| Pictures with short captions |
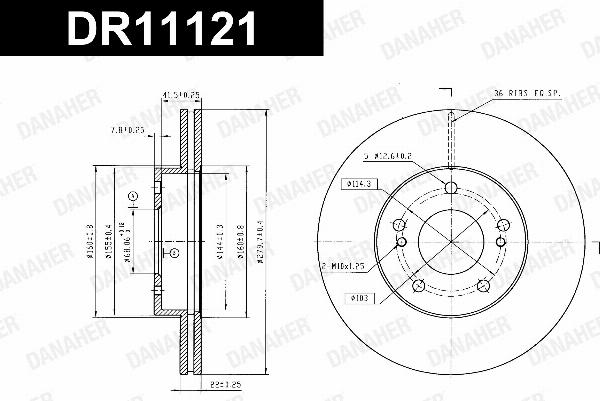 Danaher DR11121 - Гальмівний диск autocars.com.ua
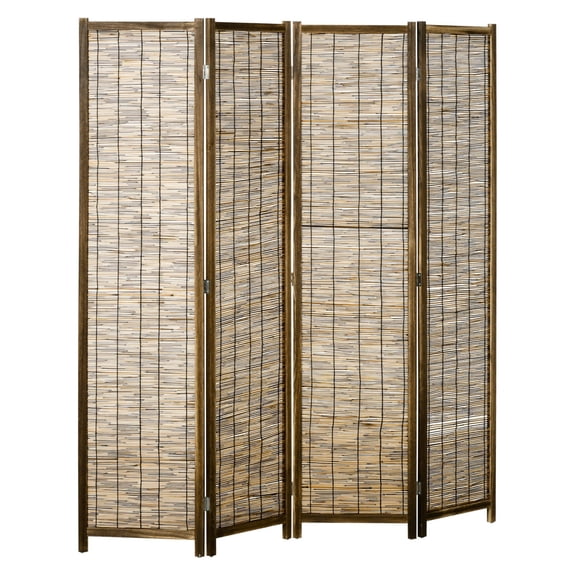 Room Divider 4 Panel, Folding Privacy Screen Reed Partition, 63"x67", Brown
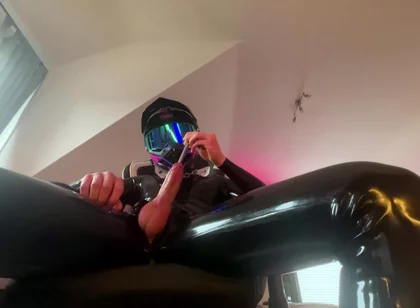 Horny Rubber Mx Biker Sounding Himself (huge Cumshot)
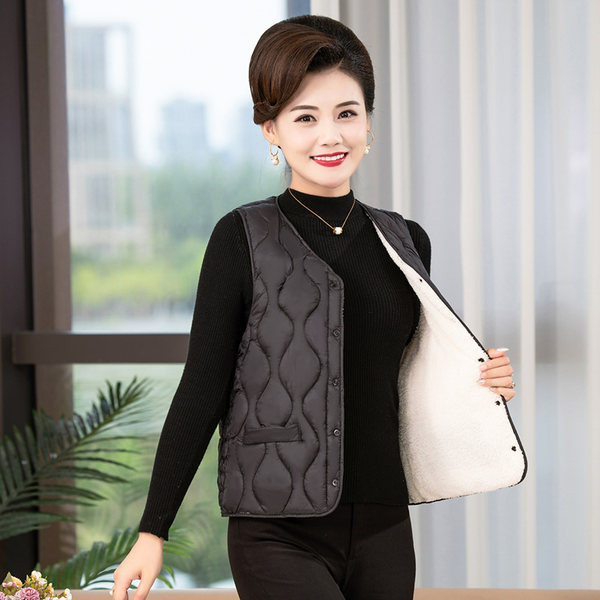 Ženski prošiveni kratki prsluk s ovalnim izrezom i gumbima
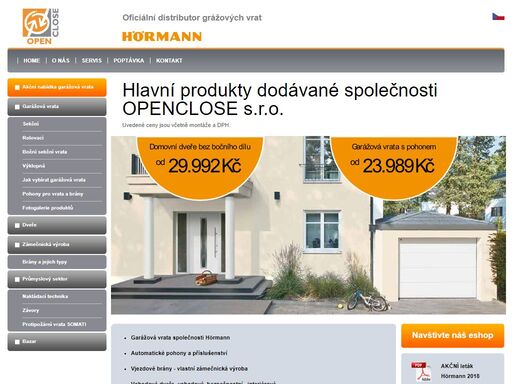 hlavní produkty dodávané společnosti openclose s.r.o. - oficiální distributor garážových vrat hörmann
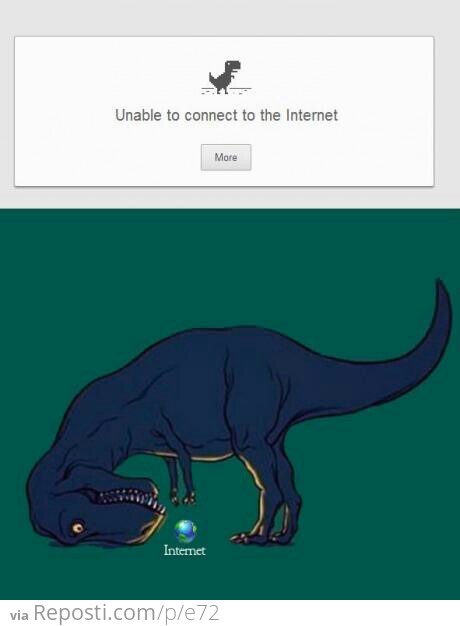 "Unable to connect to the internet."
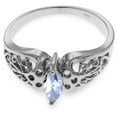 thumbnail image 4 of Galaxy Gold 14K White Gold Natural Marquis-Shaped Aquamarine Filigree Solitaire Ring - March Birthstone - Courage & Clarity - Sizes 5.5 to 11 - Fine Jewelry for Women, 4 of 4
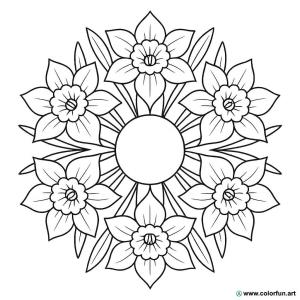 kolorowanka żonkil mandala prosta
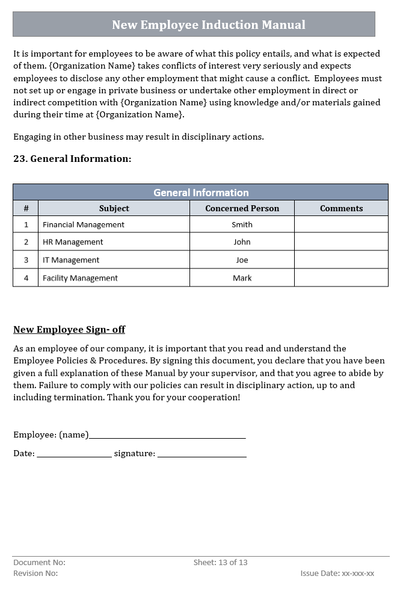 New Employee Induction Manual Word Template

| Brief |
Print verbatim every line above, apart from the pictures.

| Answer section |
 Danaher DR11121 - Гальмівний диск autocars.com.ua
 Room Divider 4 Panel, Folding Privacy Screen Reed Partition, 63"x67", Brown
 Horny Rubber Mx Biker Sounding Himself (huge Cumshot)
 Ženski prošiveni kratki prsluk s ovalnim izrezom i gumbima
 hlavní produkty dodávané společnosti openclose s.r.o. - oficiální distributor garážových vrat hörmann
 "Unable to connect to the internet."
 thumbnail image 4 of Galaxy Gold 14K White Gold Natural Marquis-Shaped Aquamarine Filigree Solitaire Ring - March Birthstone - Courage & Clarity - Sizes 5.5 to 11 - Fine Jewelry for Women, 4 of 4
 kolorowanka żonkil mandala prosta
 New Employee Induction Manual Word Template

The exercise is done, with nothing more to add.